[Exercise goal]: Strip out the pictures and output each remaining line of the data word for word.

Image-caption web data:
* * *
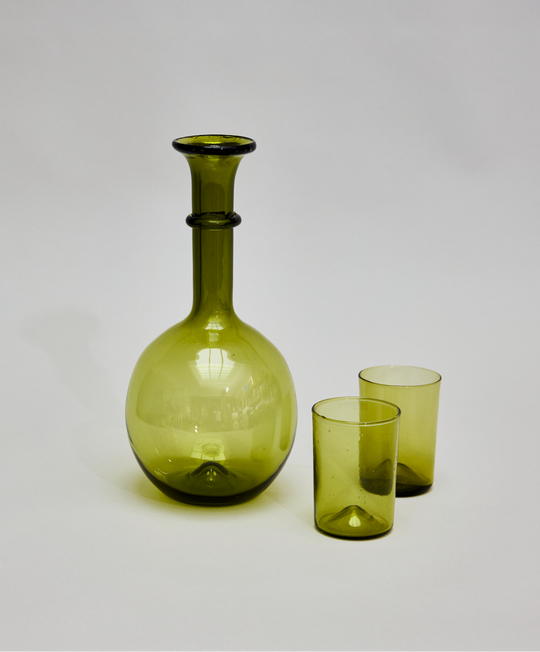 Pienza Round Decanter and Glassware Set - Olive Green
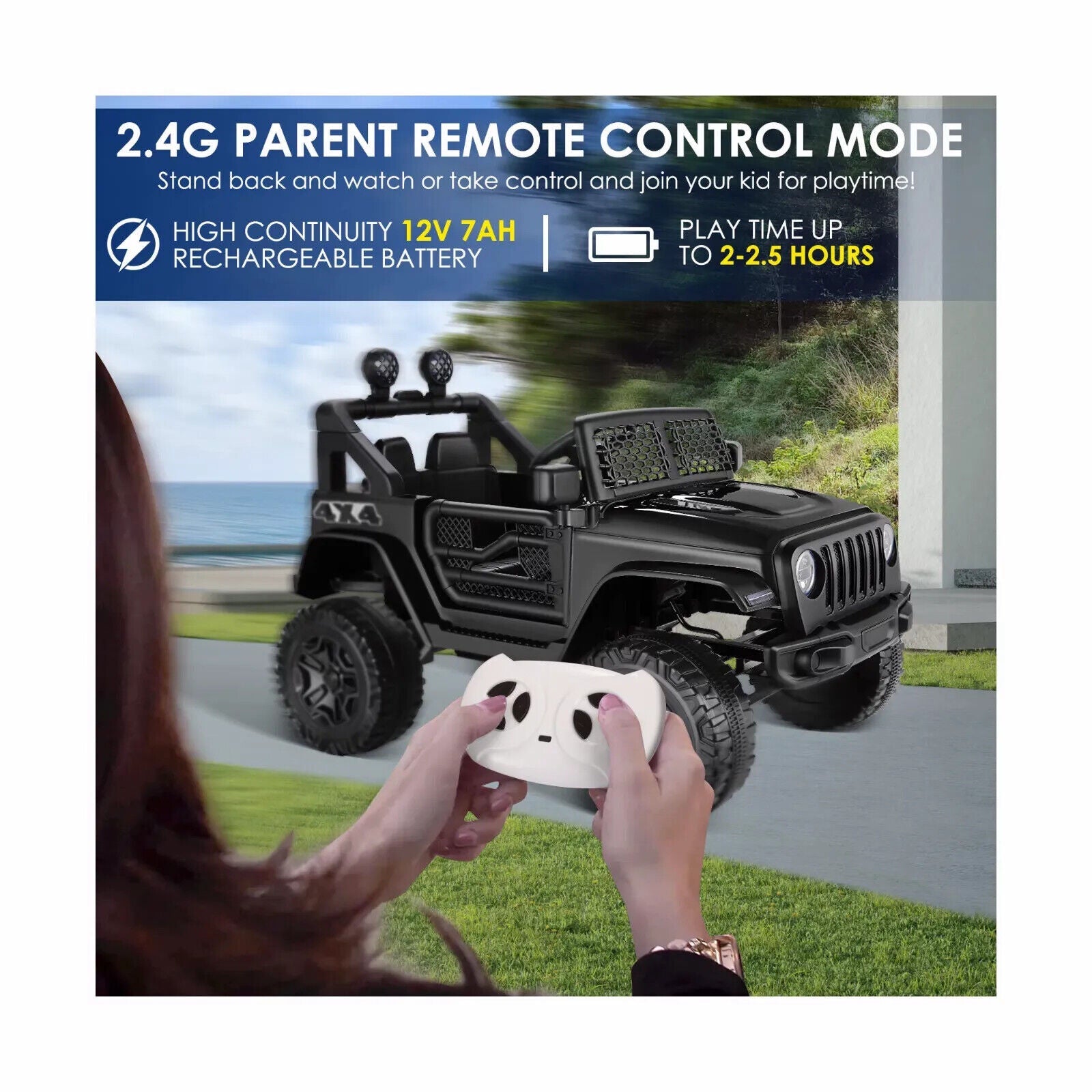 12V Electric Ride-On Car for Kids with Remote Control and Music Player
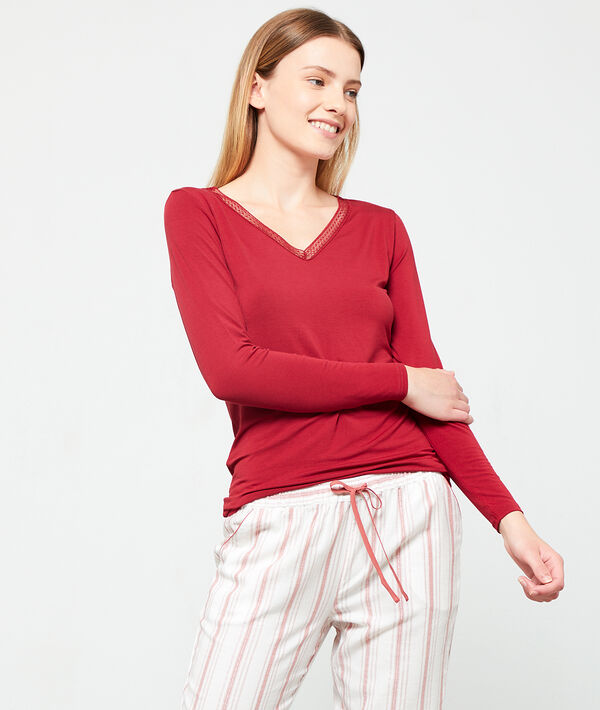 

Топ с кружевом в области декольте, Красный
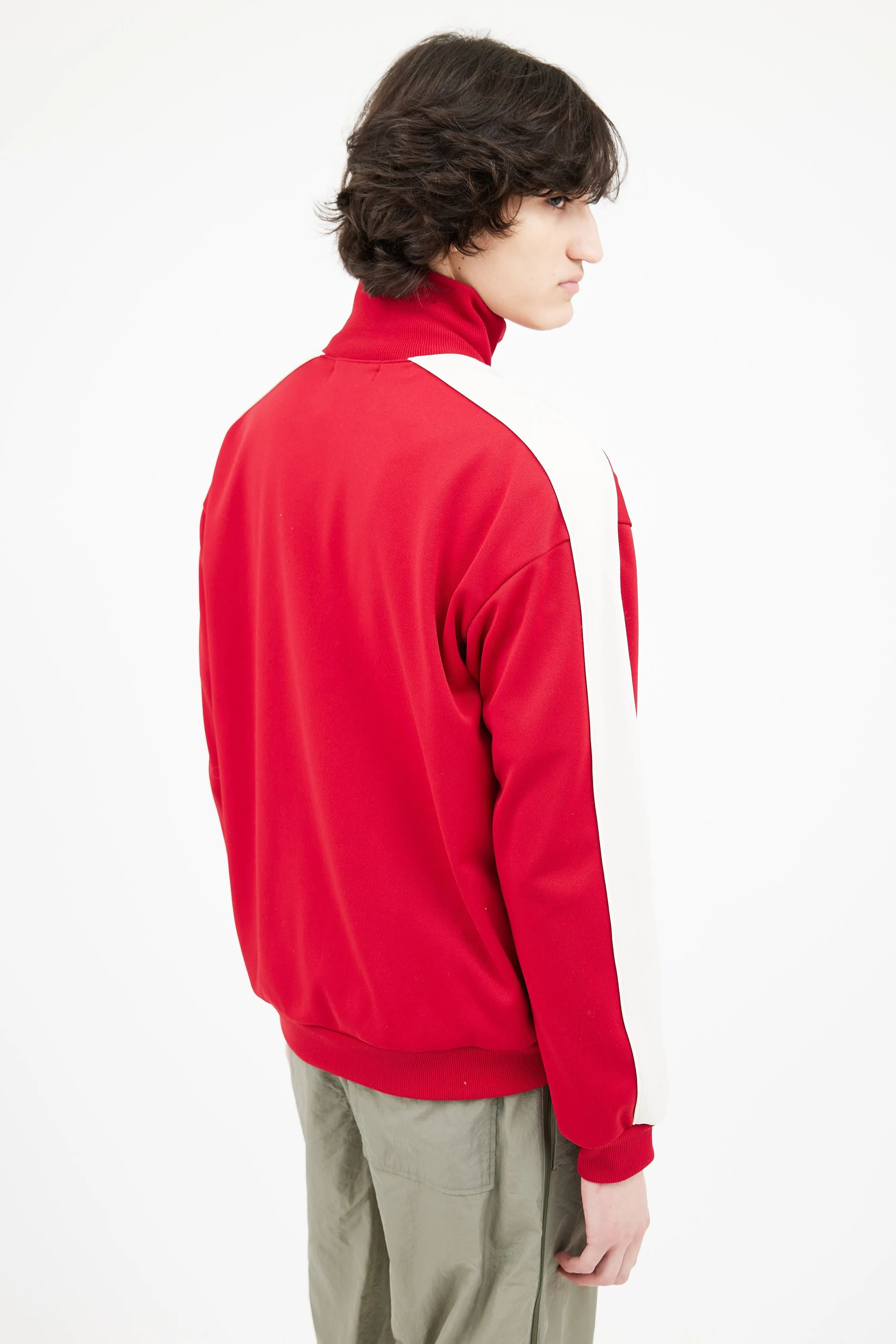 Red & Cream Side Stripe Track Jacket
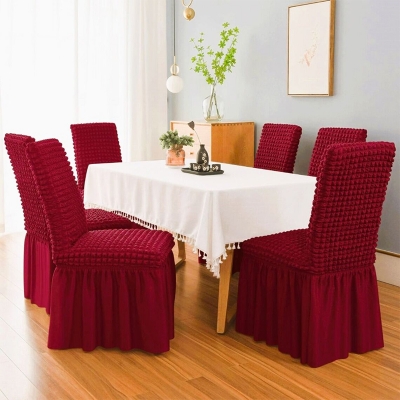 Picture of Turkish Bubble Chair Covers Set 6Pcs, Premium Luxury Turkey stretchable fabrics Dining chair cover 6 pcs With Dining Table Cover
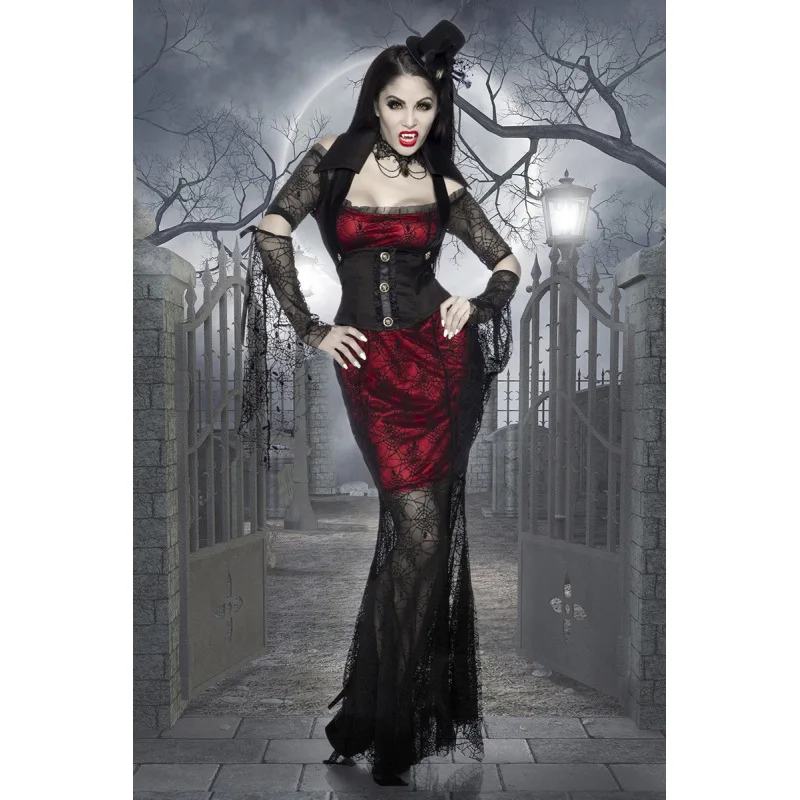 Dark Witch Long Dress European American Style Vampire Demon Costume Halloween Cosplay Party Outfit
Dark Witch Long Dress European American Style Vampire Demon Costume Halloween Cosplay Party Outfit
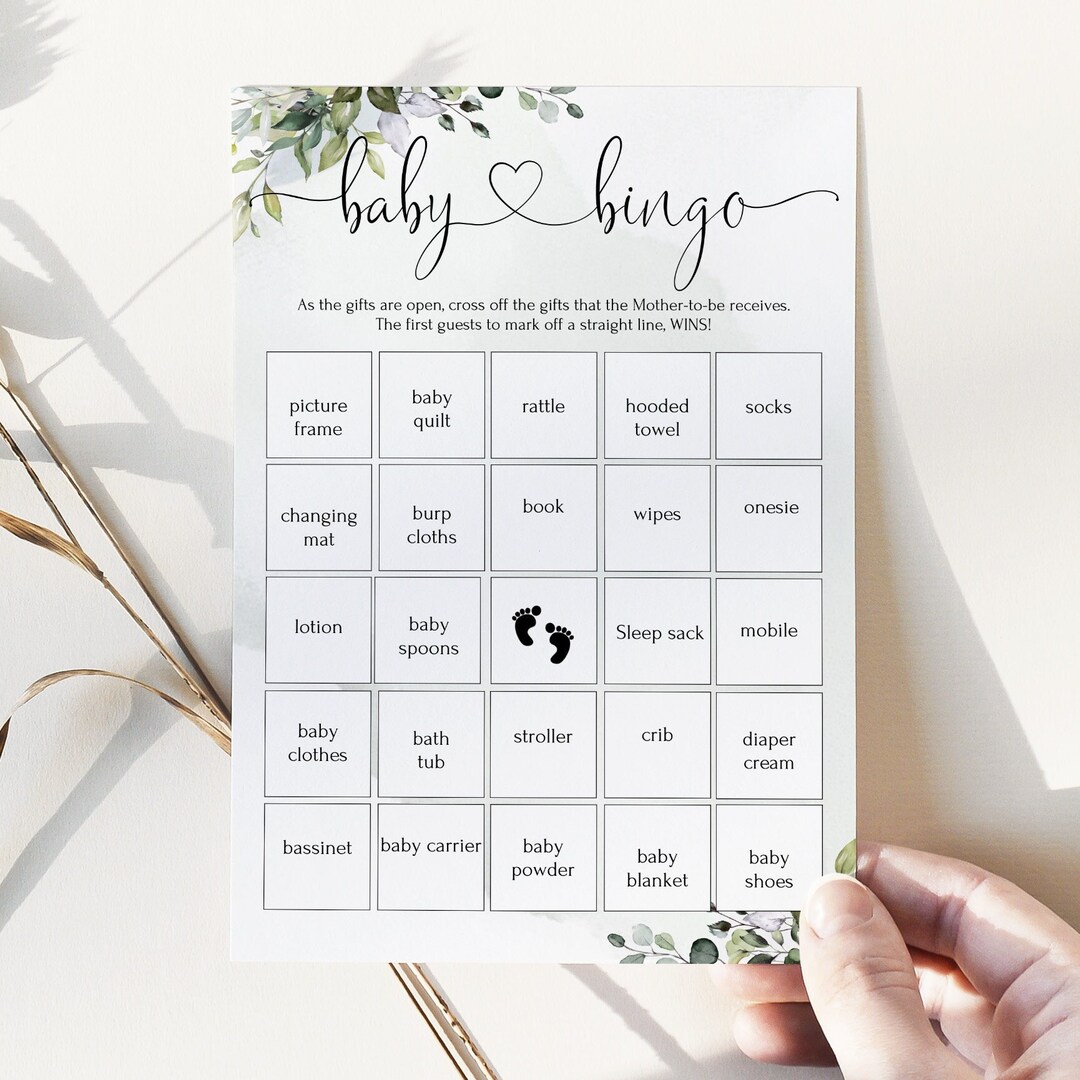 Baby Shower Bingo Game Template, Greenery Baby Printable Bingo Cards ...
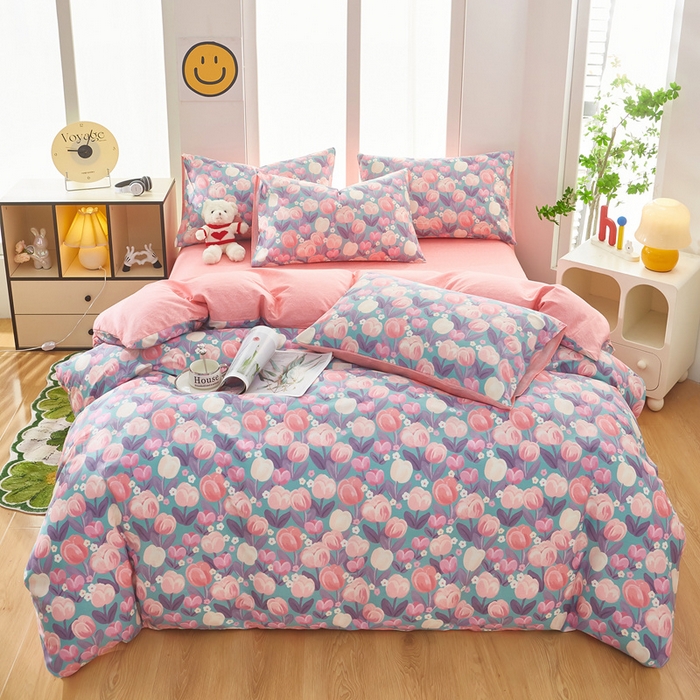 91家纺网 家纺一手货源 找家纺 黛妮雅 2026新款全棉印花床单款四件套（送买家秀）花香丽影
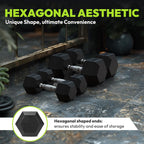 HANDBODE Hex Dumbbell Set of 2, Rubber Encased Fixed Dumbbells, 2.5-65 lb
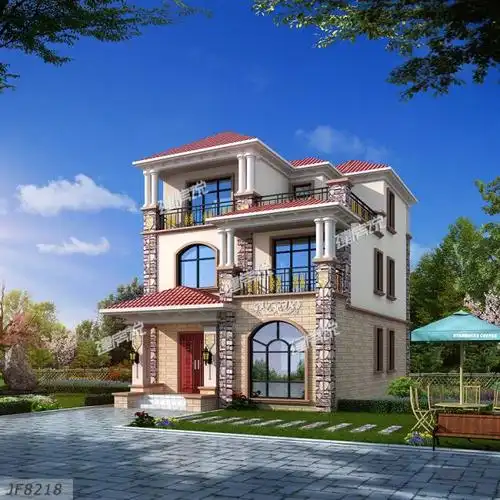 开间8米农村二层自建房实景图(免费开间8米建房设计)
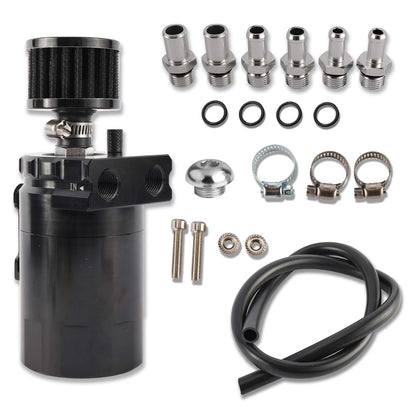 Yaesport Baffled Universal Aluminum Oil Catch Can Reservoir Tank with Breather Filter (300ml, Black)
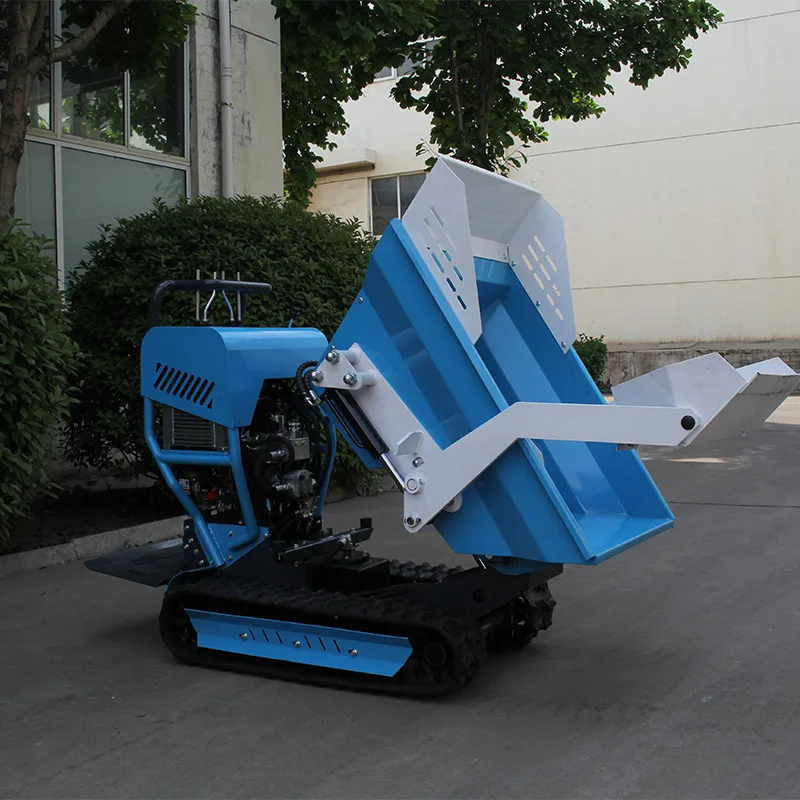 شاحنة قلابة صغيرة للبيع بالجملة مجنزرة هيدروليكية صغيرة شاحنة قلابة للبيع رخيصة الثمن ملموسة صغيرة 500 كجم محمل أمامي #6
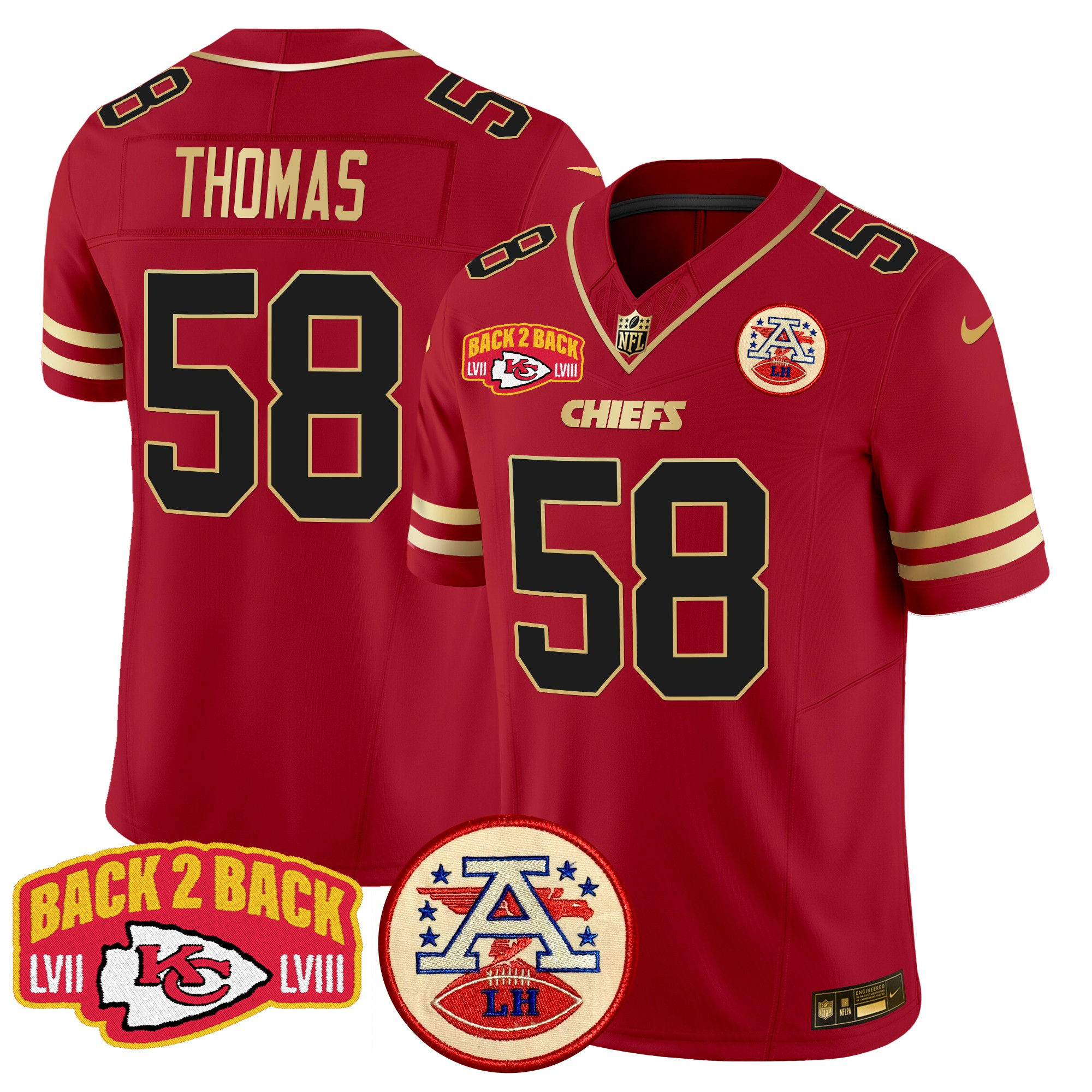 Men's Derrick Thomas Kansas City Chiefs Super Back 2 Back Patch Vapor Limited Black Red Jersey - All Stitched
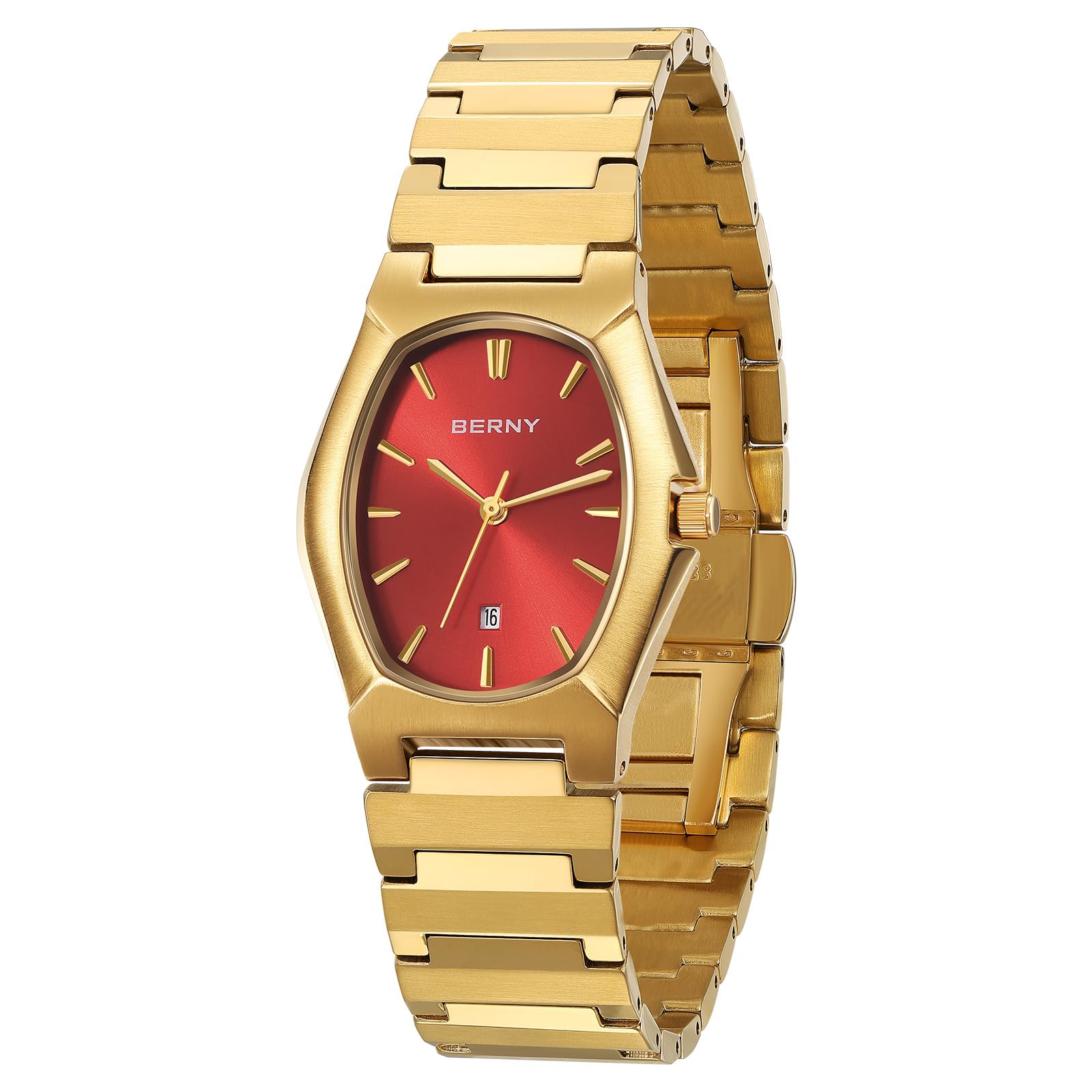 BERNY Uhr für Männer Quratz Bewegung Männliche Luxus Gold Uhren wasserdichte Klassische Armbanduhr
* * *
[Answer]:
 Pienza Round Decanter and Glassware Set - Olive Green
 12V Electric Ride-On Car for Kids with Remote Control and Music Player

Топ с кружевом в области декольте, Красный
 Red & Cream Side Stripe Track Jacket
 Picture of Turkish Bubble Chair Covers Set 6Pcs, Premium Luxury Turkey stretchable fabrics Dining chair cover 6 pcs With Dining Table Cover
 Dark Witch Long Dress European American Style Vampire Demon Costume Halloween Cosplay Party Outfit
Dark Witch Long Dress European American Style Vampire Demon Costume Halloween Cosplay Party Outfit
 Baby Shower Bingo Game Template, Greenery Baby Printable Bingo Cards ...
 91家纺网 家纺一手货源 找家纺 黛妮雅 2026新款全棉印花床单款四件套（送买家秀）花香丽影
 HANDBODE Hex Dumbbell Set of 2, Rubber Encased Fixed Dumbbells, 2.5-65 lb
 开间8米农村二层自建房实景图(免费开间8米建房设计)
 Yaesport Baffled Universal Aluminum Oil Catch Can Reservoir Tank with Breather Filter (300ml, Black)
 شاحنة قلابة صغيرة للبيع بالجملة مجنزرة هيدروليكية صغيرة شاحنة قلابة للبيع رخيصة الثمن ملموسة صغيرة 500 كجم محمل أمامي #6
 Men's Derrick Thomas Kansas City Chiefs Super Back 2 Back Patch Vapor Limited Black Red Jersey - All Stitched
 BERNY Uhr für Männer Quratz Bewegung Männliche Luxus Gold Uhren wasserdichte Klassische Armbanduhr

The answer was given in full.